Raimundo Luis Tuinkuru foi um visionário que trabalhou arduamente até os últimos dias de sua vida em repassar para seu povo todo o seu conhecimento da cosmologia yawanawa. Dedicou sua vida para que a arte, a cultural material, o canto, a dança, a manifestação cultural e espiritual yawanawa não desaparecessem com o tempo, mas para que ela estivesse sempre na vida de cada membro de seu povo.
Mesmo vivendo num mundo globalizado, era seu desejo que o povo yawanawa não perdesse sua conexão com o mundo espiritual, de onde viemos e que, através da arte e da manifestação cultural e espiritual, pudéssemos alegrar nossos espíritos e afastar o mal. Em vida, Tuinkuru trabalhou arduamente para que o povo yawanawa não perdesse seus costumes tradicionais como a língua, as manifestações culturais e espirituais.
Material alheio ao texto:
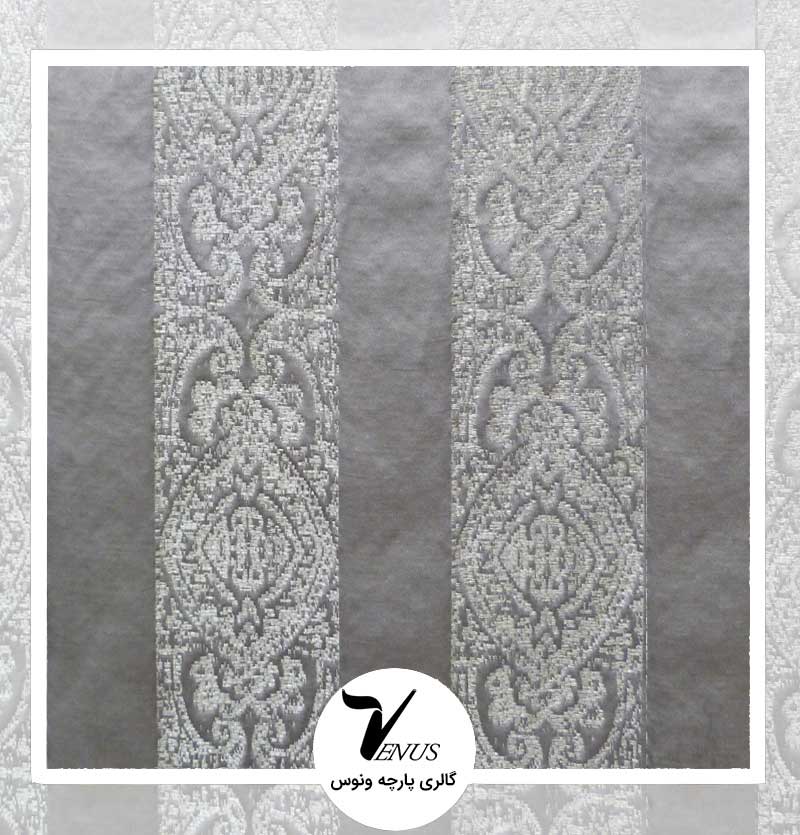 پارچه مبلی راه راه گل ریز ترک طوسی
Costumava despertar quando o dia ainda estava clareando e chamava os filhos, os genros, as mulheres, as crianças, para ouvirem seus conselhos sobre como lidar com a vida. Discorria sobre um conto para depois tirar moral da historia e usar como uma lição de vida. Pela manhã, chamava as pessoas para tomar caiçuma e aconselhava a todos sobre moral e virtudes para viverem bem na terra.
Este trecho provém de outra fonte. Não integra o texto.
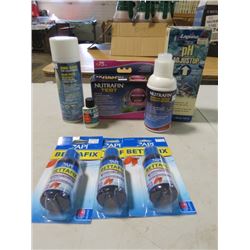 FISH FOOD, WATER TESTS AND BIRD CAGE CLEANER (NOS)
Para Tuinkuru, qualquer lugar, era uma sala de aula. Até mesmo a beira de um lago, durante uma pescaria comunitária, servia como palco para ele disseminar o conhecimento tradicional yawanawa. Ainda jovem, aprendeu com seu tio que cada lugar da floresta tem um dono. Se o dono daquele lugar for uma pessoa boa, facilmente encontravam-se frutas, caças e madeiras. Porém, caso o dono fosse miserável, o lugar seria hostil e não produzia nada, pois ele não dava nada a ninguém.
Tuinkuru era um sábio, um filósofo da floresta, um líder, um visionário, que amava as pessoas incondicionalmente. O seu grande conhecimento da cosmologia yawanawa era tão vasto que era capaz de explicar com detalhes e argumentação sobre qualquer tema e, depois de finalizar sua explicação, deixar qualquer pessoa com a sensação de ter tido uma grande lição de vida.
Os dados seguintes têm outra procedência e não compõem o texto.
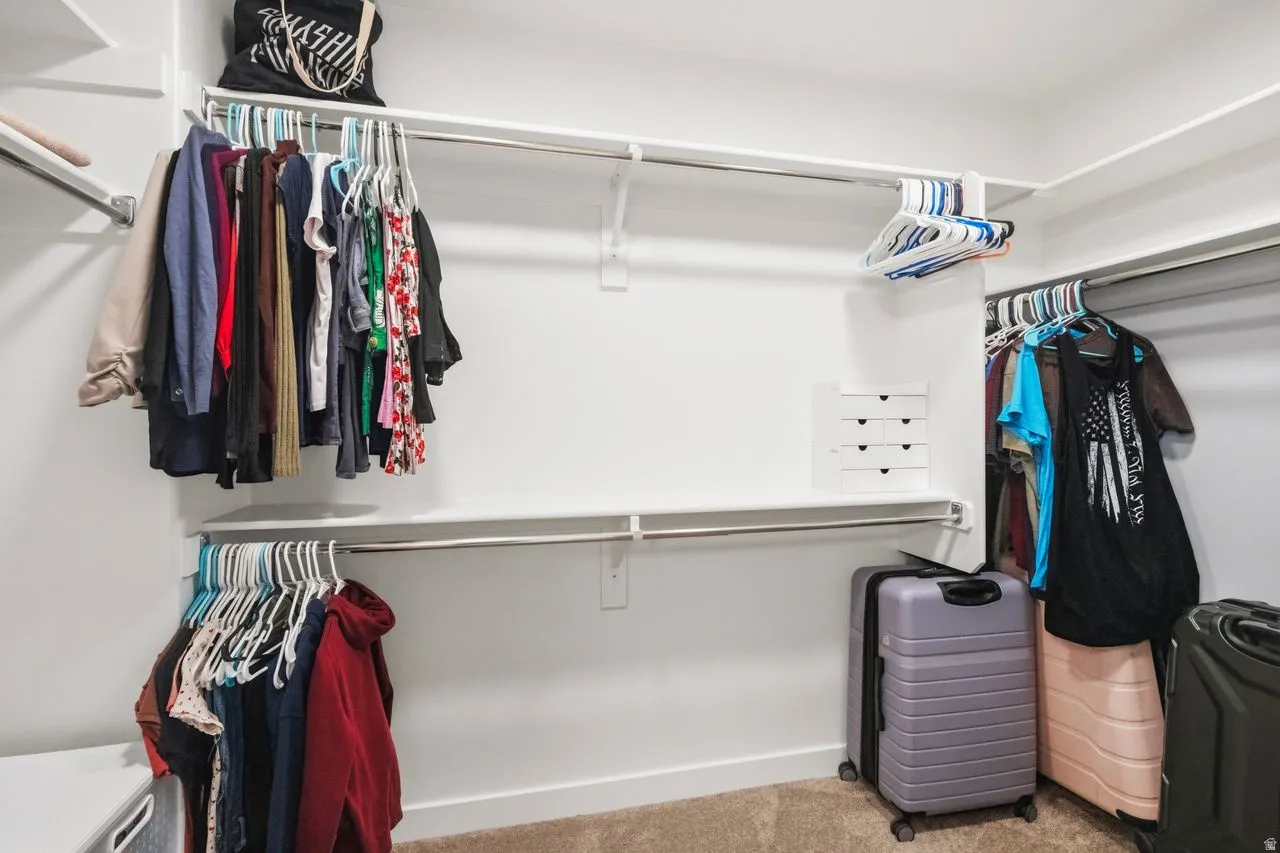 Walk in closet featuring carpet flooring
Foi um grande contador de historias, mas não contava apenas por contar. Ele enfatizava e buscava as ligações que a história tinha com o mundo em que vivemos, contava com a arte de contar. Mesmo que uma historia fosse aborrecida, ele a transformava numa história atrativa e doce aos ouvidos de quem tivesse ao seu redor.

Tuinkuru atuava, gesticulava e não deixava ninguém sair do círculo sem que tivesse entendido o moral da história que certamente lhe serviria algum dia na vida. Nunca passava despercebido. Sua notável presença se dava sempre pela forte liderança que sempre exerceu durante sua vida. Ele se dispôs a compartilhar seu conhecimento para essa grande celebração acontecer. Naquele tempo, os jovens yawanawa não conheciam como se fazia muitas de suas brincadeiras. Conheciam apenas poucos cantos. As pinturas faciais e corporais eram simples e pouco variadas.
Todo o povo se animou e, em poucas semanas, se organizou o I Festival de Manifestações e Tradições do Povo Yawanawa, que ocorreu em 2002, com o único propósito de ser uma festa da própria comunidade, onde se manifestariam as cerimônias, brincadeiras que não eram praticadas há muito tempo.
Foram cinco dias sem parar, dia e de noite, como uma programação organizada e dirigida pelo Tuin Kuru. Foi inesquecível o dia em que todas as mulheres, homens, velhos, crianças apareceram vestidos tradicionalmente, pintados, cantando como se fosse antes da chegada do homem branco.